Basically, the "merit-based" structure of an open-source project ensures that
people can get away with bare-minimum communication skills. If I'm a BDFL, all
I need to convince people to join my project is a good, working product (and
Linus had that - Linux). As an enthusiastic programmer, all you need to
contribute is ability to send a pull-request.

There are matters like internal politics, but beyond a certain expansion, it
becomes almost impossible to justify doing a fork just for egoistical reasons
(and most people know that, even the less "people-friendly" or "more geeky"
people).

All in all, it is the community/hacker culture that drives an open source
project development and takes a life of its own, matters like personal
communication skills seem insignificant in front of that larger force.

Another reason Linus could get away with lesser people skills was perhaps
because he followed the bazaar style of development which invites literally
everyone into the project. This way, if one particular geek didn't agree with
Torvalds, he could replace him/her with someone else as the bazaar model
ensured a good competition among the geeks.
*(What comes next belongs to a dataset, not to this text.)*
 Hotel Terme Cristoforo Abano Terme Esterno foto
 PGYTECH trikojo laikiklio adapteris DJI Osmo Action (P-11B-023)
Richard Stallman, however, followed the cathedral style of development for
creating emacs and gnu utils. This model involves just Stallman's chosen few
geeks or programmers, so communication and people skills matter a lot here. If
you have only a few programmers to do your job, you can't afford to call them
bad names and lose them, can you!

------
kelvin0
Welcome aboard! I'm Captain Obvious! That being said, I can totally relate to
how he enjoys his 'boring' office were he can be productive and focus on what
he loves: Technology/Engineering/Coding. He really seems to know himself and
is able to properly assess his strengths and weaknesses (not delusional!).
Seems to be true to himself and it works for him.

------
rms_returns
"I can't do it to save my life. If I was stranded on a desert island and the
only way to get off was to create a pretty UI I would die there,"

Now I understand why Linus isn't too fond of Github!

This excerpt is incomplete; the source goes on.